Council of Europe to guide member states on review of anti-terror laws
Madrid, 8 July 2011 – In response to a campaign by human rights, media and journalists’ organisations from across Europe, the Council of Europe has agreed to provide guidance to member states so that they fulfill a promise made in May 2009 to review anti-terror laws for their negative impact on freedom of expression and access to information.
Two years have passed since Council of Europe member states pledged in Reykjavik to review all the anti-terror laws adopted since 11 September but to date no action has been taken. Frustrated by the lack of action, Access Info Europe and 35 other organisations called on 10 June 2011 for the Council of Europe, as the region’s main human rights defence body, to press for the review to take place.
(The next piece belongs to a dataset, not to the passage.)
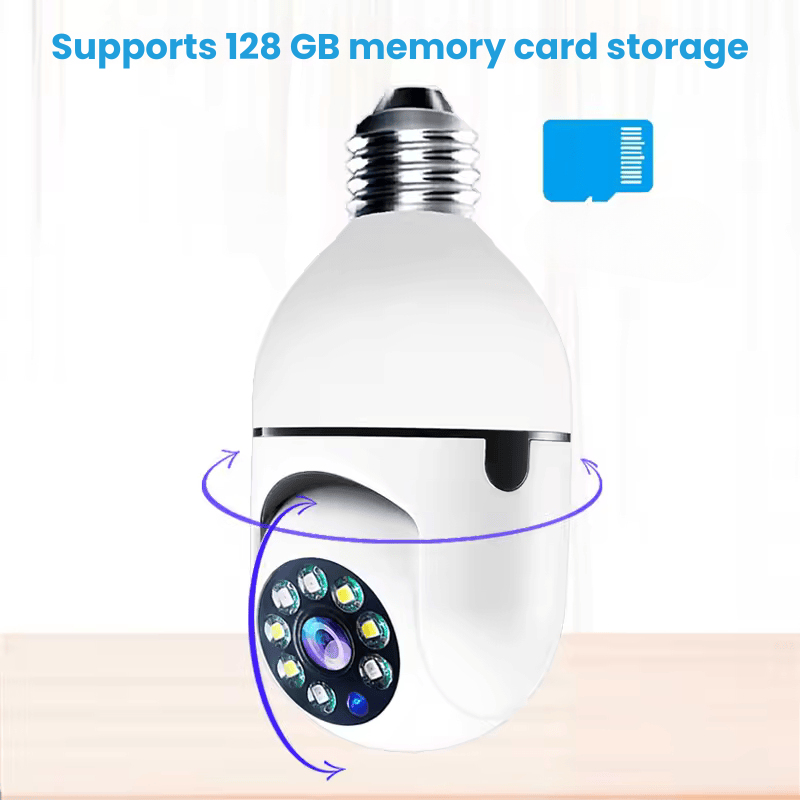 InvisiBulb Cam™ – Diskrete Hausüberwachung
Replying on 29 June 2011, the Council of Europe Secretary General Thorbjorn Jagland stated that “protection of freedom of expression … requires continuous efforts to be made by member states” and committed to “provide guidance to member states, possibly in the form of a Committee of Minister’s recommendation, for the review of their anti-terrorism legislation and practice.”
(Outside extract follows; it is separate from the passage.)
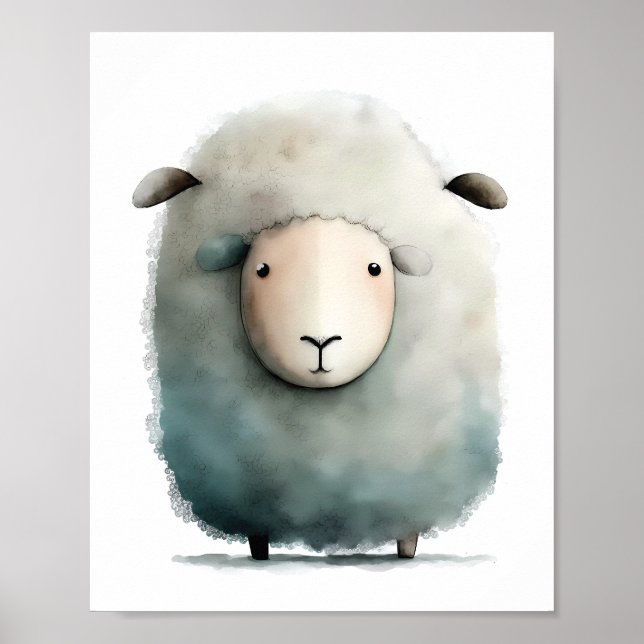 Niedliche Schafspießerei Poster (Vorne)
Commenting on the current situation in Europe, Access Info Europe’s Executive Director of Helen Darbishire said: “There is compelling evidence that the terrorist attacks of 9/11 were used to justify the introduction of measures which have curbed human rights and civil liberties. It is now imperative that proper human rights impact assessments be conducted on the new security framework: only then can necessary amendments be made to law and practice so that the balance is redressed and fundamental human rights are adequately protected.”
“The Council of Europe has the job of protecting human rights and democracy in Europe. It should ensure that its members to not get away with making empty promises about their respect for human rights,” added Darbishire.
The letter was copied to other Council of Europe institutions, including the Commissioner for Human Rights, Mr. Thomas Hammarberg, and the Parliamentary Assembly of the Council of Europe (PACE). They are also urged to act to ensure that the core democratic rights of freedom of expression and access to information are not compromised in the name of security.